In my view, property investors are set to get off reasonably lightly, but that hasn’t stopped them from complaining that they’ve been unfairly singled out. Some landlords seem to see themselves as providing a social service for people who can’t afford to buy their own house. With the proportion of state housing having fallen since the early 1990s, apparently property investment is a legitimate way of helping out the less well-off and stopping them from ending up on the street.
If you’re really serious about helping the needy, why would you do it through property investment with all its associated stress and hassle? After all, the government offers you a 33% tax rebate on charitable donations, so if your income is below $48,000pa, this could be a better financial method of showing your philanthropic side… until you take capital gains into account, of course!
So I don’t buy into the whole "social service" argument. I’ve also been exasperated by arguments put forward by other "experts" such as Dean Letfus saying that "people will literally have nowhere to live" and "the end result is a … chronic housing shortage and massive rental increases."

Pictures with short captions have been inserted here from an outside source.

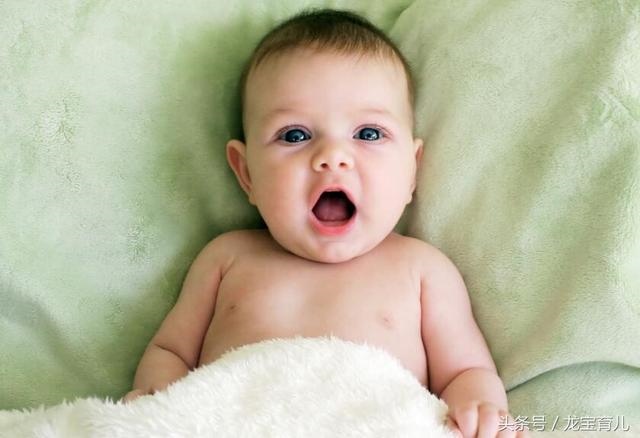 属狗忌讳几月出生农历，属狗女几月出生最旺夫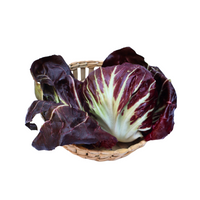 Radicchio - pza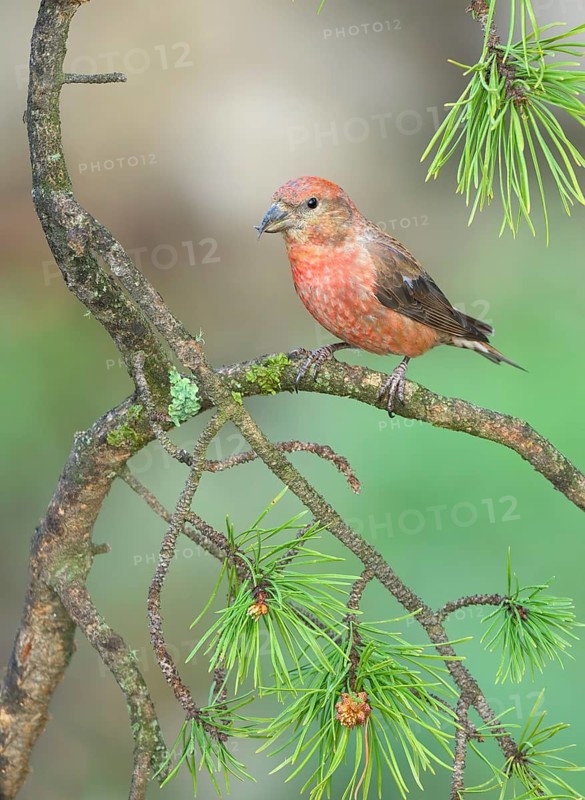 Red Crossbill (Loxia curvirostra) male perched on a conifer branch, Colorado, USA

In response to these assertions, consider the following argument. Let’s assume that the stock of housing is fixed in the short-term. If landlords sell some of their properties because the tax changes make their investment position untenable, those houses and flats will still be available to live in. The properties will be bought by someone else. It could be another investor who can make the numbers stack up, possibly through a lower purchase price. Even more alarmingly, the purchaser could be a first-homebuyer who has previously been priced out of the market because of the frenzy of investors that have driven property values out of reach over the last decade. So the idea that New Zealand will suddenly find itself desperately short of houses is ridiculous.
The other half of Dean Letfus’ statement –massive rental increases – deserves further examination. If the income stream required by property investors has risen because they can no longer claim depreciation on buildings, it seems realistic to assume that rents will rise. But landlords do not have unmitigated pricing power. Their ability to put up rents is constrained by how much the tenant is able or willing to pay. If a rent increase encourages the tenant to leave and makes the house less attractive to new tenants, the ensuing period of vacancy can easily undo the positive effect of any rent increases on income.
Rents have been flat over the last two years because the recession has meant that landlords have focused on keeping tenants rather than risking vacancies. With the economy now recovering and household incomes set to improve, we see scope for rents to rise by 5-8%pa over the next couple of years, which is partly catch-up for the last couple of years, and partly a response to the likely tax changes. This rate of increase hardly qualifies as "massive", however. If landlords thought they could get away with significantly higher rents, as suggested by Mr Letfus, I’m sure many would have tried to increase them years ago.
In summary, the noises coming from property investors are the typical response you’d expect from an interest group that is about to lose some of its favoured status. Rents may rise, but that needs to be balanced against the downward pressure on house prices, improved affordability for first-home buyers, and the potential for more productive investment decisions going forward. If next month’s budget makes even small gains towards either of the latter two objectives, it must be viewed as a step in the right direction.